Andy Braswell’s last breath. Her brother. Her love.
TEN YEARS LATER
Thorn had brought along the .357 magnum not because he was worried about being attacked by pirates, but because he wanted to give the pistol a long-overdue burial at sea. Maybe have a little ceremony, just he and Casey, say a few words, something short and funny, then sling the goddamn thing out into the water. Stand around afterwards and watch the ripples die out, have a sip of wine, put his arm around Casey and hold on.
She didn’t know yet about the gun being aboard. He’d told her about some of the violent incidents in his past, but if he got too specific, she always winced and turned away. Casey had inherited her light and airy view of human nature from her hippie parents. Growing up in Islamorada in an apartment above the gift shop where they sold rolling papers and hookahs and conch shells and custom-made sandals. Now in her late thirties, after years of waiting tables, Casey had started a roadside business in Tavernier, selling life-sized manatees and alligators that she made from plaster casts, then painted in garish sunset colors. The manatees and alligators stood up on their hind legs and gripped US Postal Service mailboxes in their flippers and claws. She was doing well with the mailbox stands. You saw them on nearly every street in Key Largo and Tavernier. People dressed up their manatees with goggles and snorkels or straw hats, cocked fishing poles and scoop nets up against the gators. Put witches’ hats on them at Halloween and white beards for Christmas. Lately, Casey had moved on to a few non-Keys animals. One of her new creations, a full-sized, neon pink buffalo, now stood like some crazed sentinel between Thorn’s house and the water’s edge, where it stared out at the sunsets.
The .357 was inside his tackle box that lay on the deck near where Casey was sunning. When he finally landed the sea trout on his line, he was going to let her know what he had in mind. He’d been holding on to the damn thing too long, and now that they were several hours out into the deserted Florida Bay, it seemed like the right time to dump it.
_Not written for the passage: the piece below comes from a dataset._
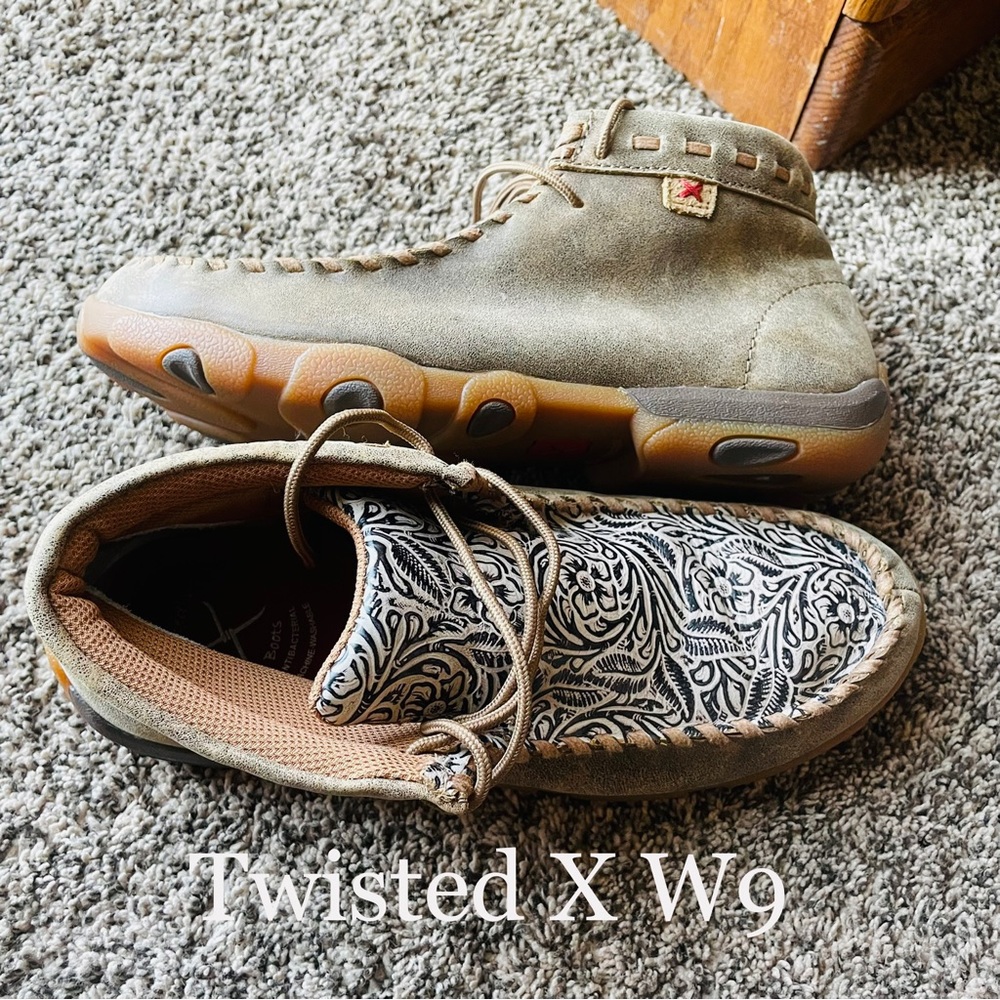 Twisted X Tooled Chucca Driving Moccasin W9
For the last two years a long string of wonderfully unremarkable days had come and gone. Each night the breeze stirred the curtains and the cardinals trilled their evening song, each morning at first light the mourning doves lowed from the upper branches of the tamarind tree, and almost every hour of the day palm fronds tickled against the tin roof like the whispers of angels. Not even the weather seemed to vary, with steady tropical trade winds pouring up from the south, a constant cinnamon-scented flow.
But even amid that unceasing peace, Thorn often jerked awake in the middle of the night, sheened with sweat, thinking about the pistol wrapped in oily cloths, tucked in a bottom drawer of his desk across the room. He thought about its history, the dark karma that clung to it. More than once he’d taken it out of the desk and walked out to the end of his dock to pitch it into Blackwater Sound, where it would sink into the silt and begin its long chemical unraveling. But something in him had resisted. Some wary voice had murmured in his ear. You are not finished with it. A bad day is coming.
But now, by God, he was determined to heave the thing away. Far enough from shore where no one would ever stumble on it. Far enough away from home that Thorn would forever be beyond its magnetic field. Today he would officially and irrevocably lay down his arms and the voice would go still, the fist in his stomach would unclench, and the days would once more stretch out lazily ahead of him, and he’d take one easy breath after the next, savoring the juicy Florida Keys air for the rest of his stay on earth.